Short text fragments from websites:
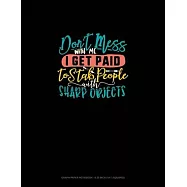 Don&rsquo;&rsquo;t Mess With Me I Get Paid To Stab People With Sharp Objects: Graph Paper Notebook - 0.25 Inch (1/4") Squares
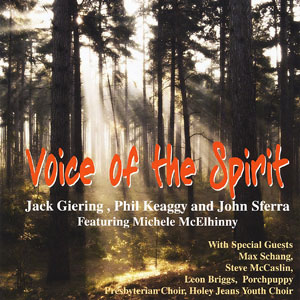 Voice Of The Spirit Jack Giering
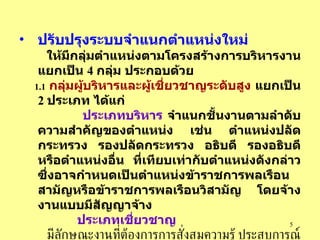 ปรับปรุงระบบจำแนกตำแหน่งใหม่   ให้มีกลุ่มตำแหน่งตามโครงสร้างการบริหารงานแยกเป็น   4  กลุ่ม   ประกอบด้วย   1.1   กลุ่มผู้บริหารและผู้เชี่ยวชาญระดับสูง   แยกเป็น   2  ประเภท   ได้แก่   ประเภทบริหาร   จำแนกชั้นงานตามลำดับความสำคัญของตำแหน่ง   เช่น   ตำแหน่งปลัดกระทรวง   รองปลัดกระทรวง   อธิบดี   รองอธิบดีหรือตำแหน่งอื่น   ที่เทียบเท่ากับตำแหน่งดังกล่าว   ซึ่งอาจกำหนดเป็นตำแหน่งข้าราชการพลเรือนสามัญหรือข้าราชการพลเรือนวิสามัญ   โดยจ้างงานแบบมีสัญญาจ้าง ประเภทเชี่ยวชาญ   มีลักษณะงานที่ต้องการการสั่งสมความรู้   ประสบการณ์   และความเชี่ยวชาญในสาขาวิชาชีพ   เป็นตำแหน่งข้าราชการประจำ   อาจสรรหาจากผู้มีความรู้ความสามารถและมีสมรรถนะที่ต้องการจากภายนอกภาคราชการก็ได้   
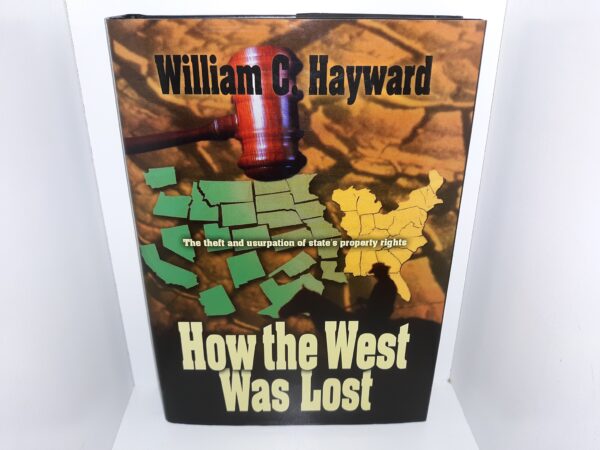 How the West was Lost: The Theft and Usurpation of State’s Property Rights (2000) ~ by William C. Hayward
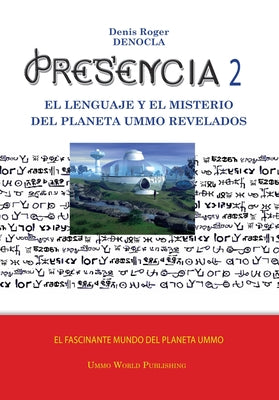 PRESENCIA 2 - el lenguaje yel misterio del planeta UMMO revelado - NB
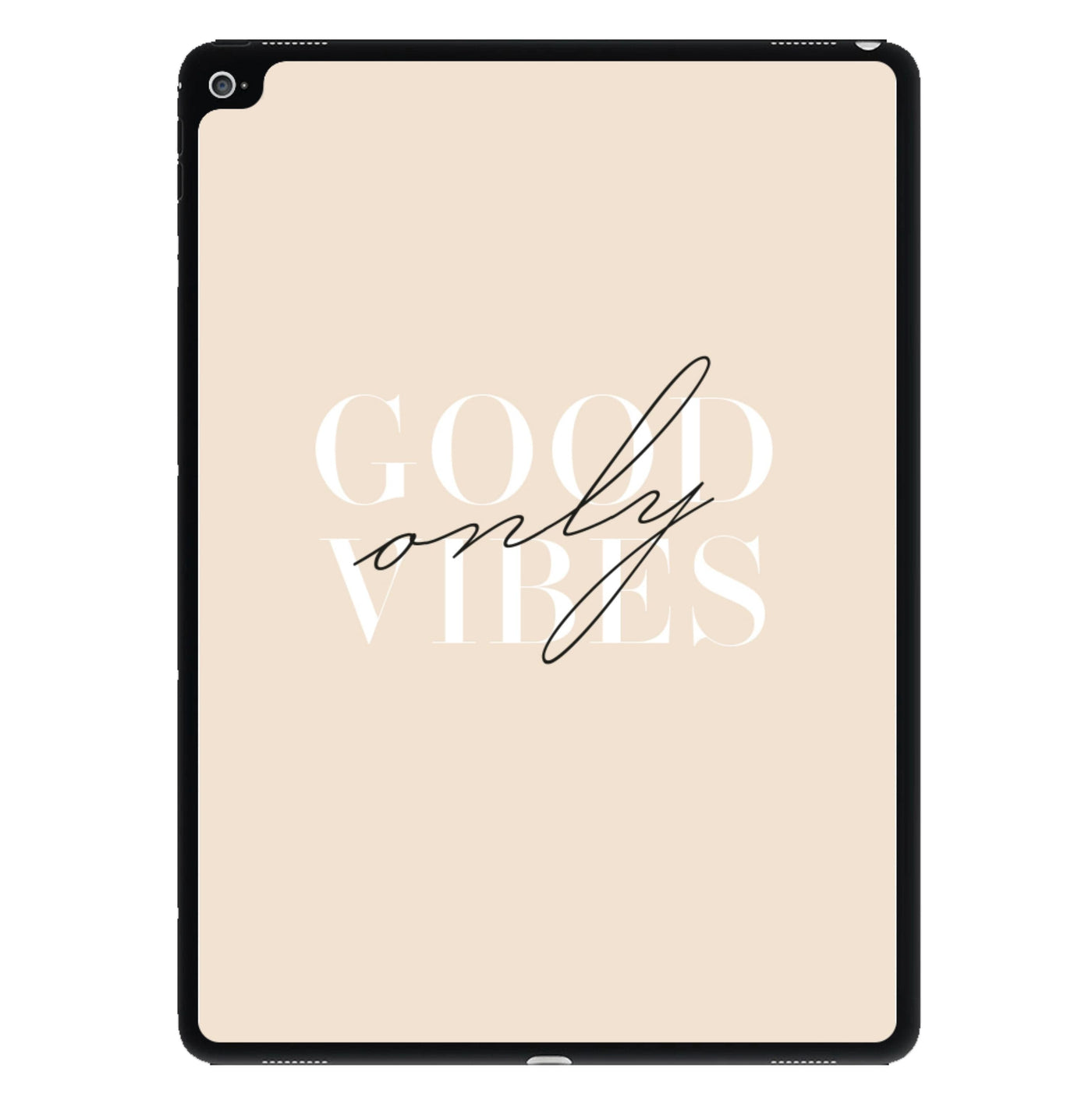 Good Vibes Only iPad Case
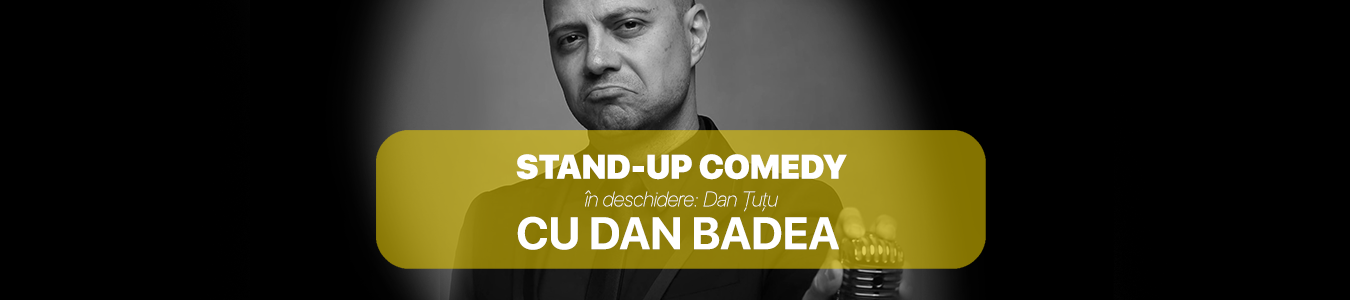 Stand-Up Comedy Cu Dan Badea 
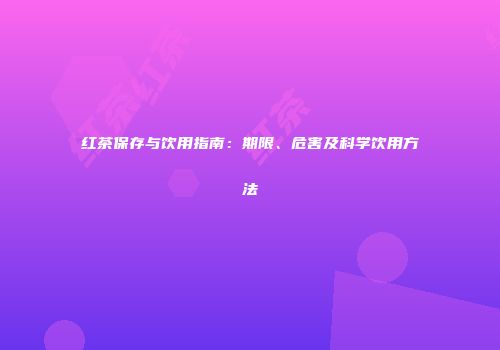 红茶保存与饮用指南：期限、危害及科学饮用方法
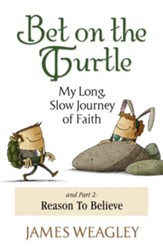 Bet on the Turtle: My Long, Slow Journey of Faith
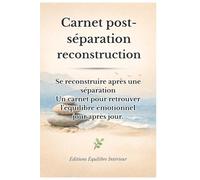 Se reconstruire après une séparation: Un carnet pour retrouver l’équilibre émotionnel jour après jour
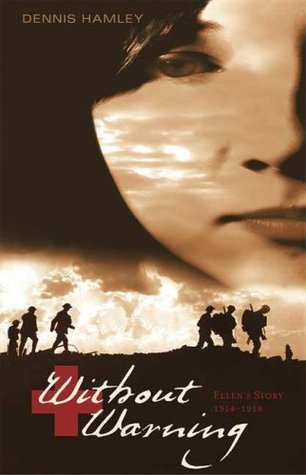 Without Warning Book Without Warning: Ellen's Story, 1914-1918 by Dennis Hamley | Goodreads
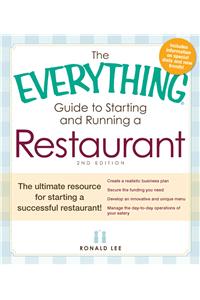 Everything Guide to Starting and Running a Restaurant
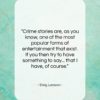 Steig Larsson quote: “Crime stories are, as you know, one…”- at QuotesQuotesQuotes.com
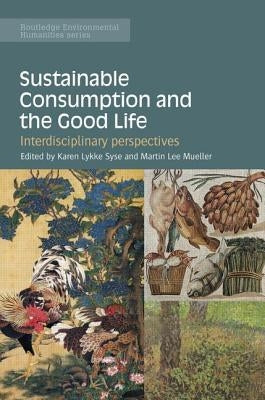 Sustainable Consumption and the Good Life: Interdisciplinary Perspectives by Syse, Karen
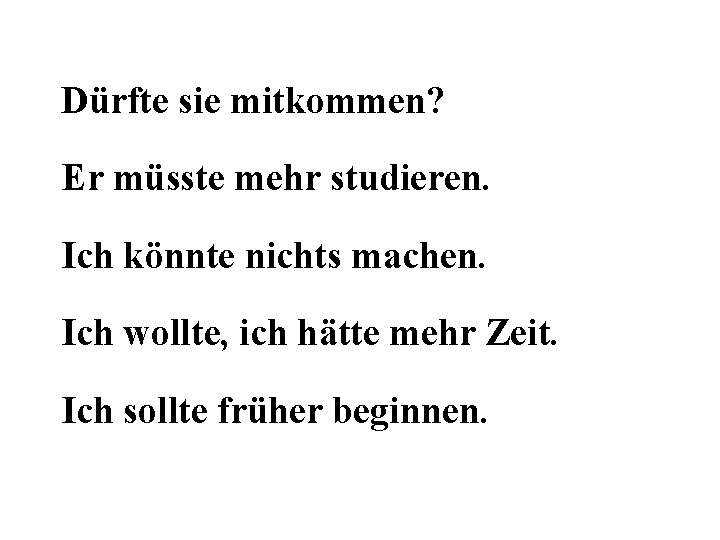 Dürfte sie mitkommen? Er müsste mehr studieren. Ich könnte nichts machen. Ich wollte, ich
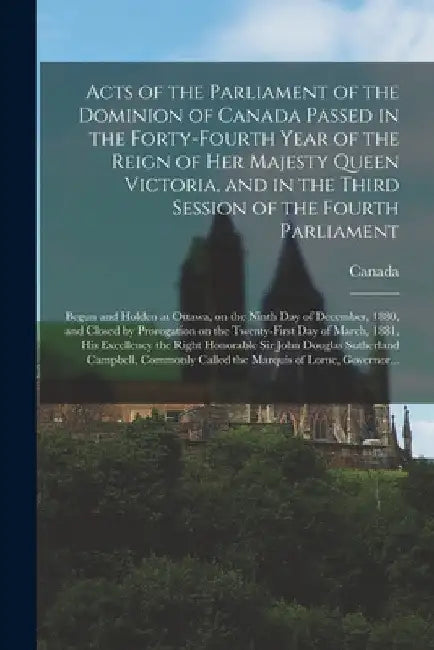 Acts of the Parliament of the Dominion of Canada Passed in the Forty-fourth Year of the Reign of Her Majesty Queen Victoria, and in the Third Session by Canada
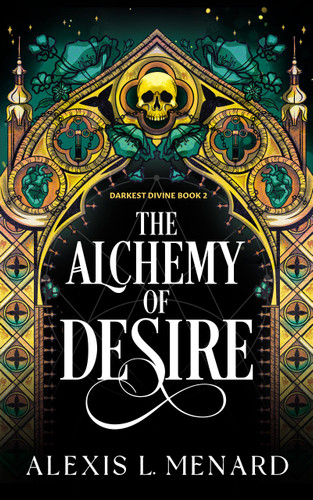 The Alchemy of Desire (Darkest Divine) book cover by Alexis L. Menard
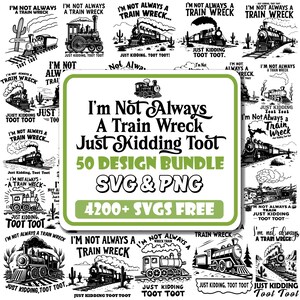 May include: A collection of black and white train-themed graphics. The designs feature train illustrations with the text "I'm Not Always A Train Wreck Just Kidding Toot". The bundle contains 50 designs in SVG and PNG formats.
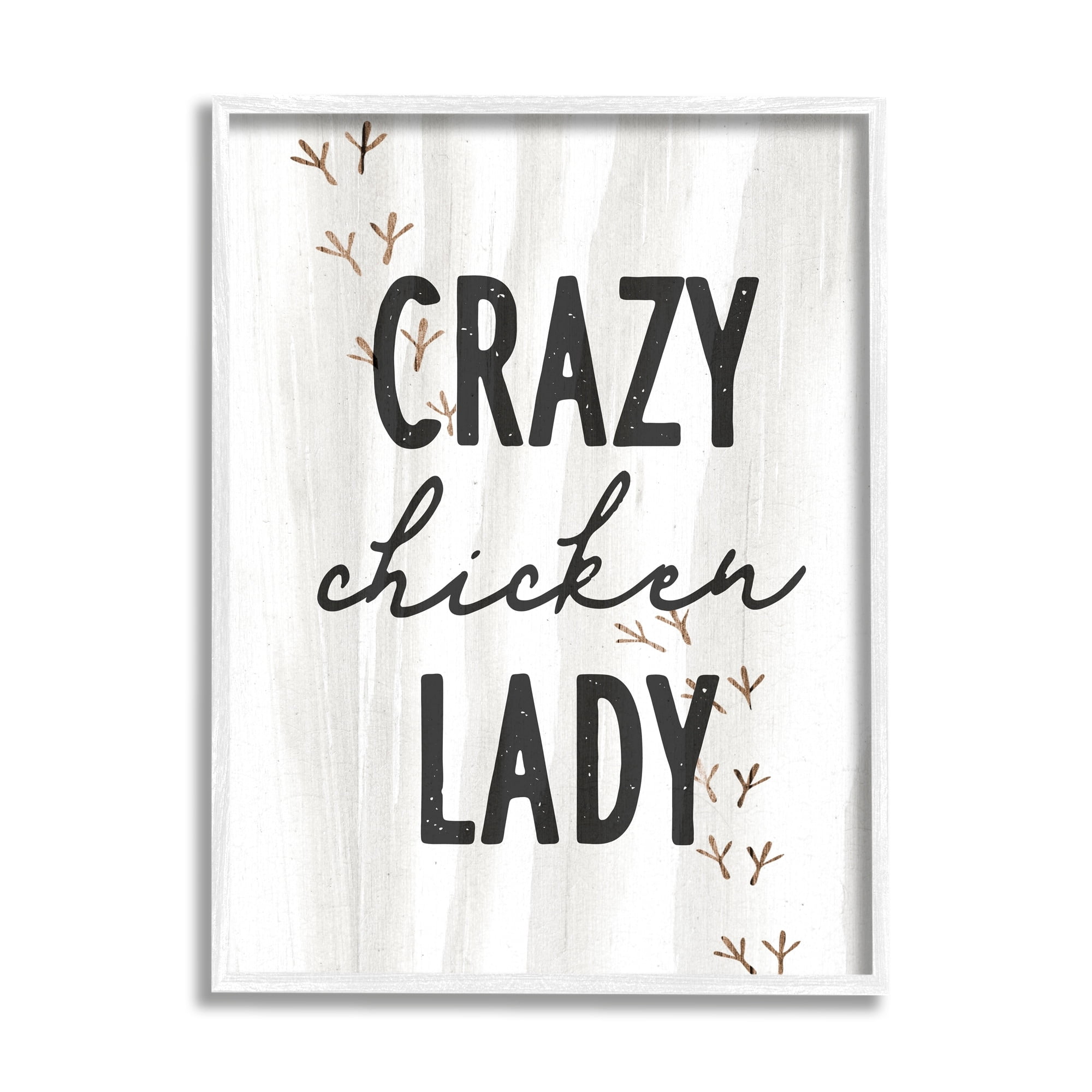 Stupell Industries Crazy Chicken Lady Country Rustic Farm Design Graphic Art White Framed Art Print Wall Art, Design by Daphne Polselli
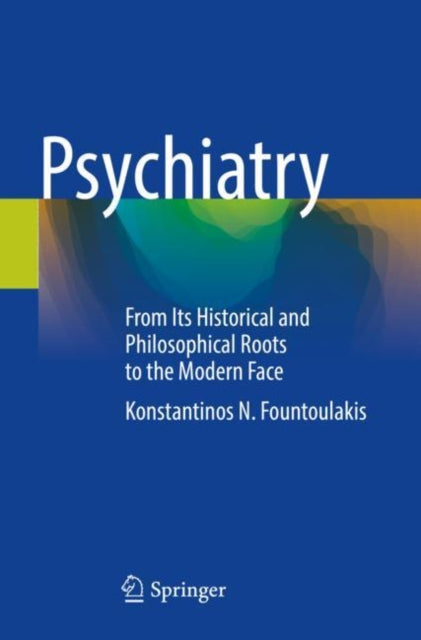 Book cover of: Psychiatry. By: Konstantinos N. Fountoulakis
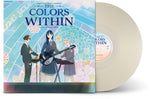 the album cover for Kensuke Ushio(Cvnl) - Colors Within - O.S.T. [Clear Vinyl]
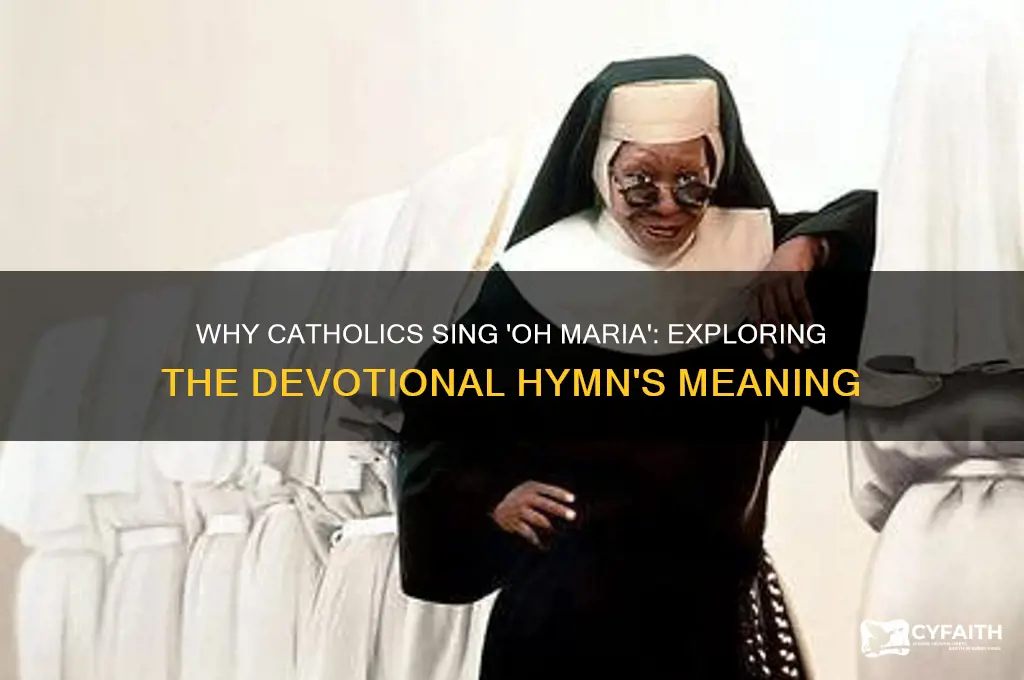 why do catholics sing oh mariea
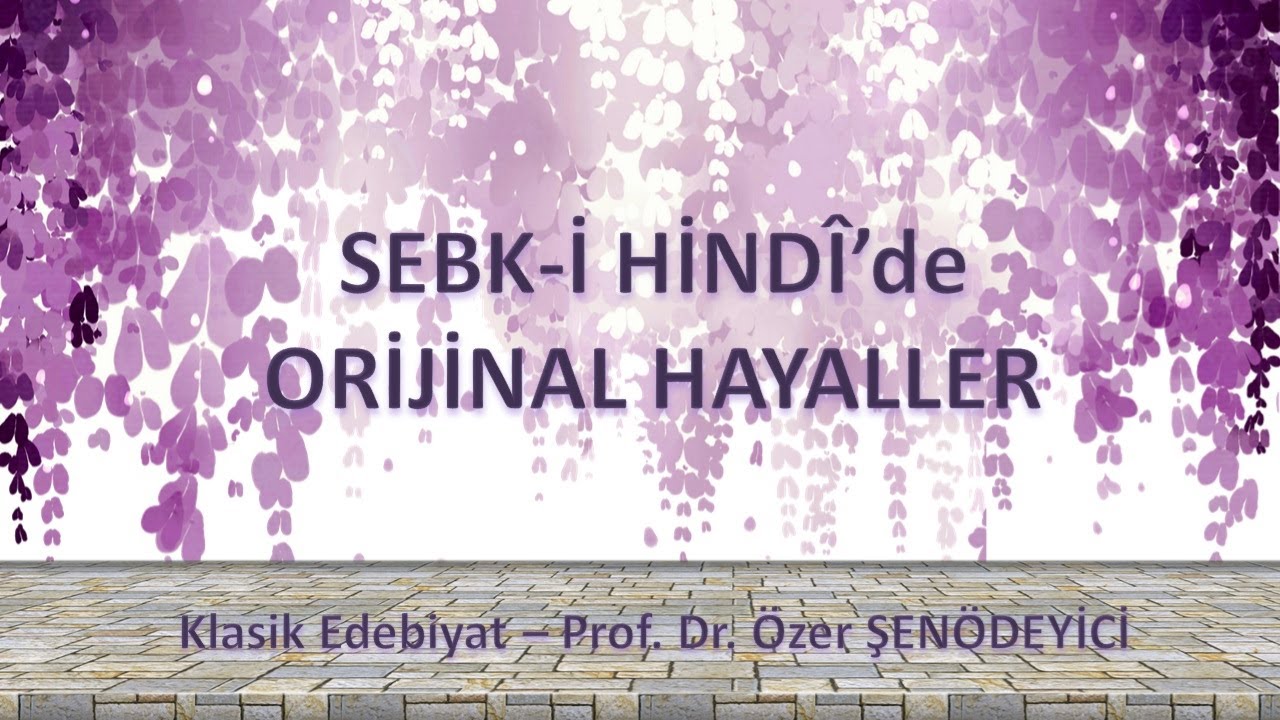 SEBK-İ HİNDÎ'de ORİJİNAL HAYALLER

_Problem to solve_
After locating the line with "stories are, as", transcribe it and the rest of the data above exactly as written, without any picture.

_Result of the task_
 Steig Larsson quote: “Crime stories are, as you know, one…”- at QuotesQuotesQuotes.com
 Sustainable Consumption and the Good Life: Interdisciplinary Perspectives by Syse, Karen
 Dürfte sie mitkommen? Er müsste mehr studieren. Ich könnte nichts machen. Ich wollte, ich
 Acts of the Parliament of the Dominion of Canada Passed in the Forty-fourth Year of the Reign of Her Majesty Queen Victoria, and in the Third Session by Canada
 The Alchemy of Desire (Darkest Divine) book cover by Alexis L. Menard
 May include: A collection of black and white train-themed graphics. The designs feature train illustrations with the text "I'm Not Always A Train Wreck Just Kidding Toot". The bundle contains 50 designs in SVG and PNG formats.
 Stupell Industries Crazy Chicken Lady Country Rustic Farm Design Graphic Art White Framed Art Print Wall Art, Design by Daphne Polselli
 Book cover of: Psychiatry. By: Konstantinos N. Fountoulakis
 the album cover for Kensuke Ushio(Cvnl) - Colors Within - O.S.T. [Clear Vinyl]
 why do catholics sing oh mariea
 SEBK-İ HİNDÎ'de ORİJİNAL HAYALLER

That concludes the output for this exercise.